5.        Regulation (EEC) No 218/92 (7) then established a common system on the basis of Article 99 of the EEC Treaty for the exchange of information between the competent authorities of the Member States in respect of intra-Community transactions. (8) That common system was provisionally amended in 2002 by Regulation (EC) No 792/2002 – based on Article 93 EC – with a view to additional measures regarding electronic commerce. (9)

6.        In order to consolidate in one legal instrument the mechanisms available in the field of VAT and to make clearer provision for cooperation between the Member States, the Commission on 18 June 2001 submitted to the Council a proposal for a regulation by the European Parliament and the Council concerning cooperation by the administrative authorities in the field of VAT. (10) It also submitted a proposal for a European Parliament and Council Directive amending Council Directive 77/799/EEC concerning mutual assistance by the competent authorities of the Member States in the field of direct and indirect taxation (11) whereby assistance in the field of direct and indirect taxation was to be extended to the taxation of insurance premiums. Under the Commission’s proposal both acts were to be based on Article 95 EC.

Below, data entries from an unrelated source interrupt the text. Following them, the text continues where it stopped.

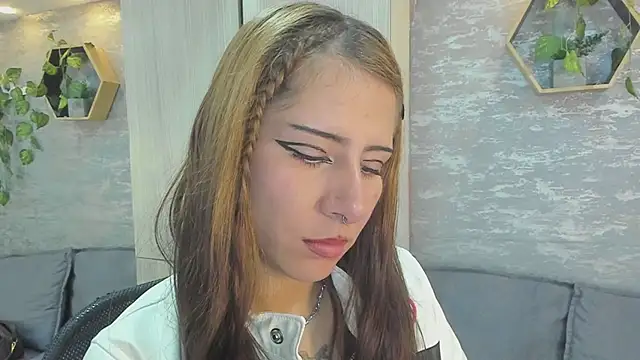 Chatroom XXX en direct de Mhelanny2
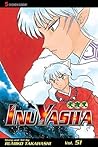 InuYasha, Volume 51 by Rumiko Takahashi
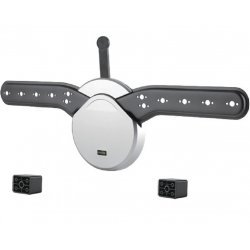 Стойки и стендове > NewStar LED-W600BLACK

7.        The Council gave effect to this proposal by enacting both the contested legal acts but altered the legal basis: it founded Regulation No 1798/2003 on Article 93 EC and Directive 2003/93 on Articles 93 and 94 EC.

B –    Content of Regulation No 1798/2003

8.        The first three recitals in the preamble to Regulation No 1798/2003 read as follows:

‘(1)      Tax evasion and tax avoidance extending across the frontiers of Member States lead to budget losses and violations of the principle of fair taxation and are liable to bring about distortions of capital movements and of the conditions of competition. They therefore affect the operation of the internal market.

(2)      Combating value added tax (VAT) evasion calls for close cooperation between the administrative authorities in each Member State responsible for the application of the provisions in that field.

(3)      The tax harmonisation measures taken to complete the internal market should therefore include the establishment of a common system for the exchange of information between the Member States whereby the Member States’ administrative authorities are to assist each other and cooperate with the Commission in order to ensure the proper application of VAT on supplies of goods and services, intra-Community acquisition of goods and importation of goods.’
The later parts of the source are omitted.